Tuve oportunidad de reunirme por dos horas con la Dra. María Claudia Bucchianeri, abogada personal de Lula Da Silva, y de tener una entrevista con tres miembros del máximo Tribunal de Justicia Electoral y ambos cuentan interminables argumentos sobre la ilegalidad de la proscripción de Lula y de los fundamentos para impedirle ser candidato.

Pero todo es pérdida si no vemos cual es el proceso en el que se encuentra la política. Lo demás es una consecuencia. Los dos candidatos con más posibilidades también son los más repudiados. Están primeros en adhesión pero asimismo encabezan el mayor rechazo, lo que también suena parecido a nuestra realidad política.

Todos se quejan de la intromisión de la justicia en la política pero sobran razones para sospechar de delitos.

En mi opinión el modelo organizativo del Estado y sus instituciones están agotado, ya dio todo lo que podía dar y no tiene más.

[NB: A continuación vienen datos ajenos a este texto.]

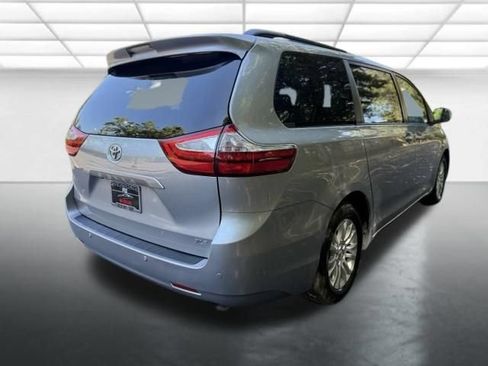Used 2015 Toyota Sienna XLE w/ XLE Navigation Package FWD image 5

Esto reclama repensar el Estado.

Hasta hace algunos años el poder económico lo tenía el Estado.

Hoy el poder lo tienen los grupos económicos y, por ende, el poder está afuera del Estado.

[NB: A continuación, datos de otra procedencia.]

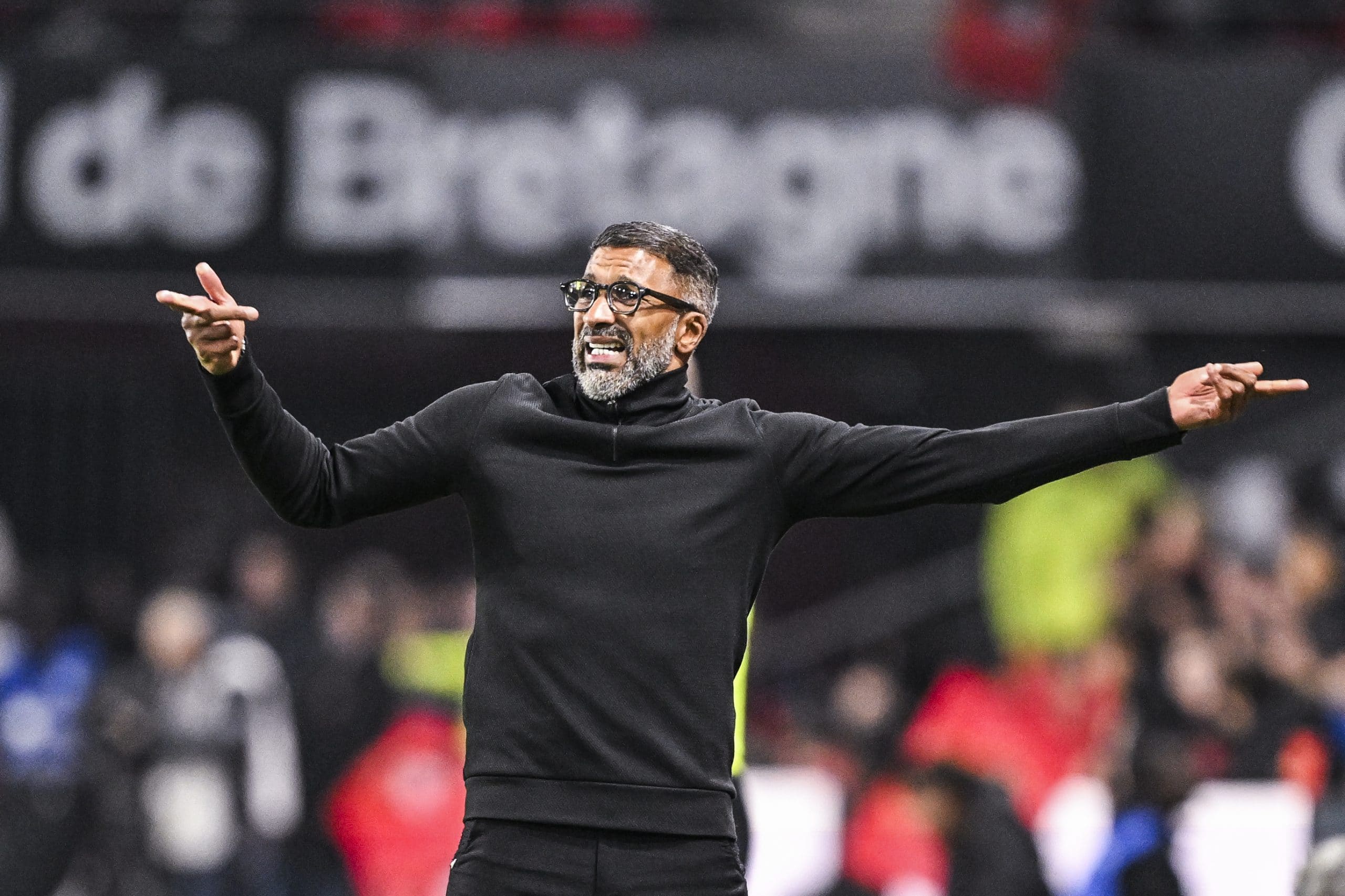 Habib Beye donnant des consignes lors du match entre le Stade Rennais et le SB29.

Los Estados no pueden controlar el poder y ese poder controla al Estado.

En mi opinión esto pone en crisis la Constitución y la ley que gobierna el Estado porque ya no se tiene el poder en los Gobernantes, que no pueden hacer cumplir la ley.

¿Ustedes siguen creyendo en que “el pueblo unido, jamás será vencido”?, ¿Creen en la soberanía del voto?

Asumamos el desafío de pensar por un momento.

En Brasil el pueblo quiere a Lula.

El Gobierno, hasta hace poco en manos de su partido político, también lo quería llevar de nuevo como candidato a Presidente.

Y ¿qué pasa?.

Lula está preso, sin siquiera poder atender a la prensa. Su gobierno fue expulsado de sus cargos.

El pueblo impotente.

¿Dónde está el poder? ¿Quién lo tiene?.

Por eso me parece que, si no sirve ver lo que pasa en Brasil para anticiparnos a lo que puede pasar en Argentina, habremos perdido la oportunidad.

Un niño repite un cuento que vaya a saber por qué le parece gracioso y dice así: “… una señora va a la carnicería y dice: carnicero quiero comprar esa cabeza de cerdo que tiene ahí, y el carnicero le dice… no señora, eso es un espejo”.

 

(*) Desde Brasil, donde se encuentra como veedor de las elecciones de este domingo.